=== Exercise description ===
Only some lines are wanted. Transcribe, exactly, the lines below from the line with "日本💋 曼秀雷敦 Lip Fondue 光澤高保濕潤唇膏" up to and including the line with "Ο ΧΙΟΥΗ, Ο ΝΤΙΟΥΗ, Ο ΛΙΟΥΗ ΚΑΙ ΤΟ ΓΑΤΑΚΙ Ο".

=== Dataset records ===

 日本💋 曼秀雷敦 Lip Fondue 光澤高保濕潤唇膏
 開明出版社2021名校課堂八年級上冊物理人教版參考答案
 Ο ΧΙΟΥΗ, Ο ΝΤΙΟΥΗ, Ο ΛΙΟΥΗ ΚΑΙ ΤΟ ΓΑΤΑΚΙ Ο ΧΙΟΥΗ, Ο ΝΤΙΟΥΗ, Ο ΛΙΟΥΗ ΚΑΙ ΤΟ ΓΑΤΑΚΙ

---

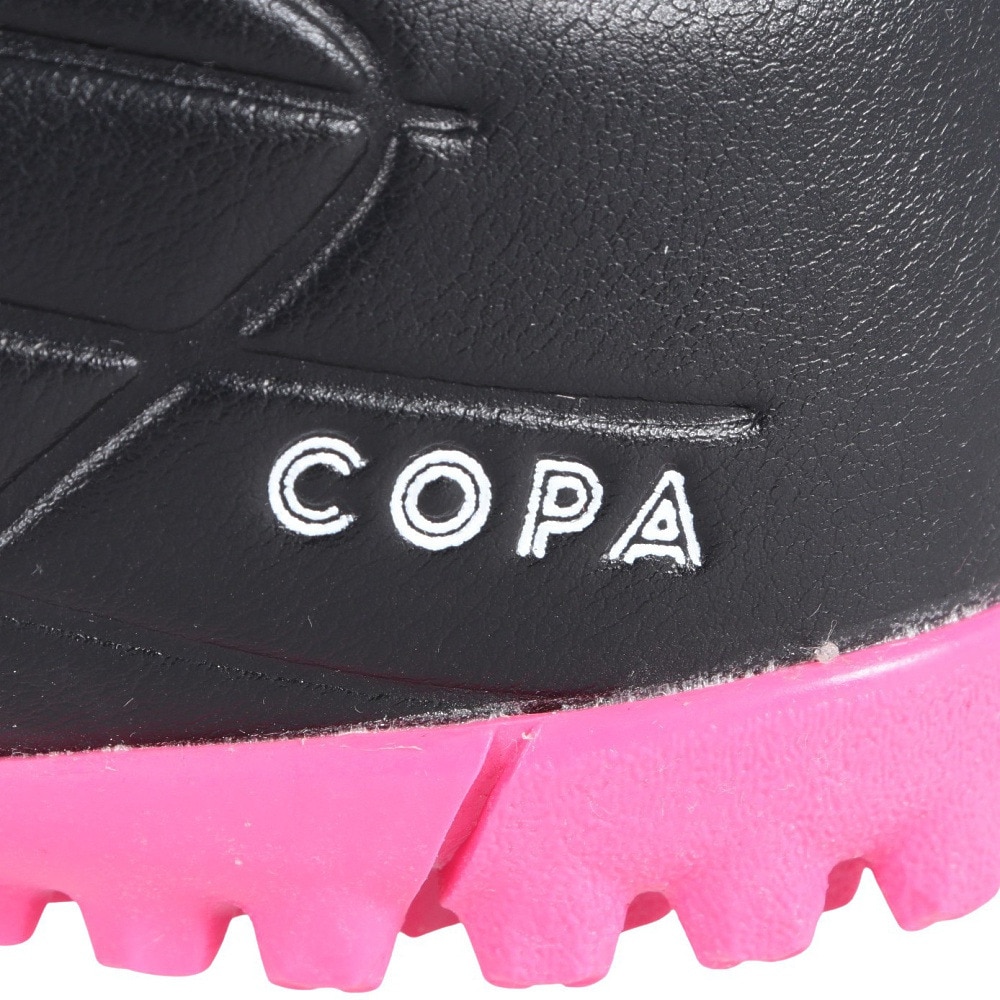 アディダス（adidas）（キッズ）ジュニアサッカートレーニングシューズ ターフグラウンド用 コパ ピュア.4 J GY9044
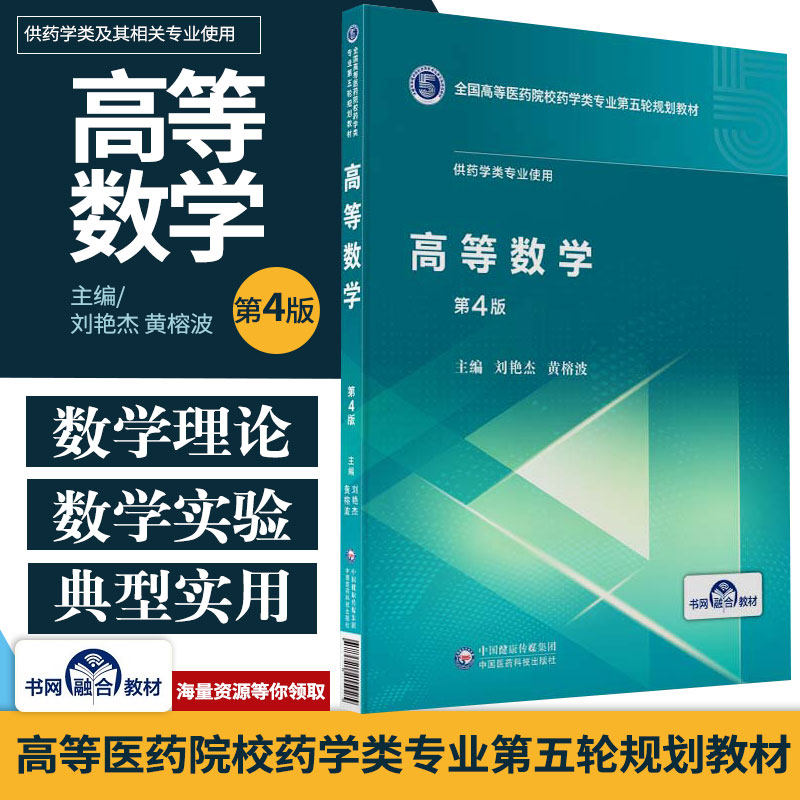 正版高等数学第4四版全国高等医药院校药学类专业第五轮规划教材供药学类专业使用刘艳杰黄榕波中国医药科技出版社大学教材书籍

=== Solution for this exercise ===
 日本💋 曼秀雷敦 Lip Fondue 光澤高保濕潤唇膏
 開明出版社2021名校課堂八年級上冊物理人教版參考答案
 Ο ΧΙΟΥΗ, Ο ΝΤΙΟΥΗ, Ο ΛΙΟΥΗ ΚΑΙ ΤΟ ΓΑΤΑΚΙ Ο ΧΙΟΥΗ, Ο ΝΤΙΟΥΗ, Ο ΛΙΟΥΗ ΚΑΙ ΤΟ ΓΑΤΑΚΙ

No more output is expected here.